Not sure if you have a newer iPhone or Android phone but if you do it would be cheaper to sell your 500 and pick up a 510 which will upload wirelessly via Bluetooth on your phone and Garmin Connect app. Plus Live Tracking! Cheaper than buying a new laptop anyway.


----------



## Iowagriz (Jan 14, 2008)

Back to the drawing board; connected my 500 to a display Chromebook (HP14 and Samsung). Went through the "files" icon and it wasn't recognized. It could be due to a locked down display model, but I don't think it was locked down.


----------



## jselwyn (Mar 14, 2012)

I've been looking for something similar, but no luck. However, if you've got a 510/810 there's a pretty nice solution.

https://tapiriik.com/

With that site, you can sync a bunch of different stuff. I'm able to upload my 510 files to garmin connect via bluetooth, then have this site sync GC to Training Peaks. All the data crosses over with no issue so far. Only downside is it takes a little time ~60mins. For $5 it'll do it automatically. When I'm home, I still upload through the computer and cable, but on the road, this has been working well.

Would love a chromebook or cheap version of a macbook air that do this stuff, download/store gopro videos, etc...Soon maybe


----------



## Iowagriz (Jan 14, 2008)

Bump to see if anyone is having luck in uploading from 500 via chromebook. 

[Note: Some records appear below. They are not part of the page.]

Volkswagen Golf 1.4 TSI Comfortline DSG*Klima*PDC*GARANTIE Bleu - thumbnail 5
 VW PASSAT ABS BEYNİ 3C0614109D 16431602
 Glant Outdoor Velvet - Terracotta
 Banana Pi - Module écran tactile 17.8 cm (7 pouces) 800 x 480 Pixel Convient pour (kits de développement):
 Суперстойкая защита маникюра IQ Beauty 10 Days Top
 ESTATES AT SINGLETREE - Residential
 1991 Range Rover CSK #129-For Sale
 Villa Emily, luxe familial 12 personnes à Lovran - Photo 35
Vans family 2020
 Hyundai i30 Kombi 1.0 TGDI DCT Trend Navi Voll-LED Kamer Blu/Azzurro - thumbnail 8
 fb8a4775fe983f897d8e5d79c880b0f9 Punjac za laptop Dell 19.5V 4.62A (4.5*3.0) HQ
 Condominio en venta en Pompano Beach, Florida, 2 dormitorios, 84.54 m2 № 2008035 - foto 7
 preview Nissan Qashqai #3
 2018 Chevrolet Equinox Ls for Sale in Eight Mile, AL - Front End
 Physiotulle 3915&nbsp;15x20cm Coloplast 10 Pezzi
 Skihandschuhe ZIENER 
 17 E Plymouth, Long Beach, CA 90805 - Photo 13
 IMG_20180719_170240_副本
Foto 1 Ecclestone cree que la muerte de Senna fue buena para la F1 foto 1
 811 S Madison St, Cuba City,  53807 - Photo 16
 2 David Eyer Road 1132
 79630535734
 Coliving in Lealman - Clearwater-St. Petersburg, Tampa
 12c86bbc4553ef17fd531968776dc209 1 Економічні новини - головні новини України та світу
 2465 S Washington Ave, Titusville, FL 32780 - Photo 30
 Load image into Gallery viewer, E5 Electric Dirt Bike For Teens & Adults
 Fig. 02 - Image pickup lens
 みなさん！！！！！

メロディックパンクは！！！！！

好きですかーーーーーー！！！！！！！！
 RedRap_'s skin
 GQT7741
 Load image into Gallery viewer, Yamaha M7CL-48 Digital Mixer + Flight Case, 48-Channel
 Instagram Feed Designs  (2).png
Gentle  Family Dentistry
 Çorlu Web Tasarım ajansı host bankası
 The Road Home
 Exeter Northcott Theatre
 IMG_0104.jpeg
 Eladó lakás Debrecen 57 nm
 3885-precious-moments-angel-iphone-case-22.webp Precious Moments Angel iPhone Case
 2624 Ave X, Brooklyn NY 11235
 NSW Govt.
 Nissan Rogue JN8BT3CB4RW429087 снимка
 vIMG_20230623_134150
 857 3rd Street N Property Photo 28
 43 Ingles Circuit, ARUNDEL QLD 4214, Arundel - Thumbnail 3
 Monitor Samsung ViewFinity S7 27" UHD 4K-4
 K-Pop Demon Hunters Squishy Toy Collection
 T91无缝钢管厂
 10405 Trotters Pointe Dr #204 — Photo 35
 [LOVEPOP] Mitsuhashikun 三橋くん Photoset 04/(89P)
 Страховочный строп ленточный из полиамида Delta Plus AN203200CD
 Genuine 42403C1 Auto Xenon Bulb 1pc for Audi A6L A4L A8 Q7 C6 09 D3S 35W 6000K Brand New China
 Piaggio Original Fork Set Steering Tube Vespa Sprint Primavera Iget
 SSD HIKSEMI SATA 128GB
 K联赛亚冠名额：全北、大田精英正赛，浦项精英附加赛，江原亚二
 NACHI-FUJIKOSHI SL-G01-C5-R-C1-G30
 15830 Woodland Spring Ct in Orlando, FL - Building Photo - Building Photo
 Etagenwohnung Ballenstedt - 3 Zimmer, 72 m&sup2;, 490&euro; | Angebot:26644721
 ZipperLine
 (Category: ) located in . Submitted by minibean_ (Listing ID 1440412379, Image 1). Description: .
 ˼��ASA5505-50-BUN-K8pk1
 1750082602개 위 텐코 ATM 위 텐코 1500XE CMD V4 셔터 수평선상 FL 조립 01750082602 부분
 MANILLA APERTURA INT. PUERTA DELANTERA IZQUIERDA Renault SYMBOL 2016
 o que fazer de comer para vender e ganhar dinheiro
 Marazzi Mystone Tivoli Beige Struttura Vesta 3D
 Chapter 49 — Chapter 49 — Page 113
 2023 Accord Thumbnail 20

Sent from my SCH-I535 using Tapatalk


----------



## rfxc (Oct 18, 2004)

Bump to see if anyone is running basecamp on a chromebook and/or whether they have a way to install courses (or gpx files) from a chromebook to a garmin unit.


----------



## Timon (May 11, 2008)

my edge 305 won't come up as a drive or anything when connected to my hp chromebook 

any workarounds that don't involve buying new hardware?


----------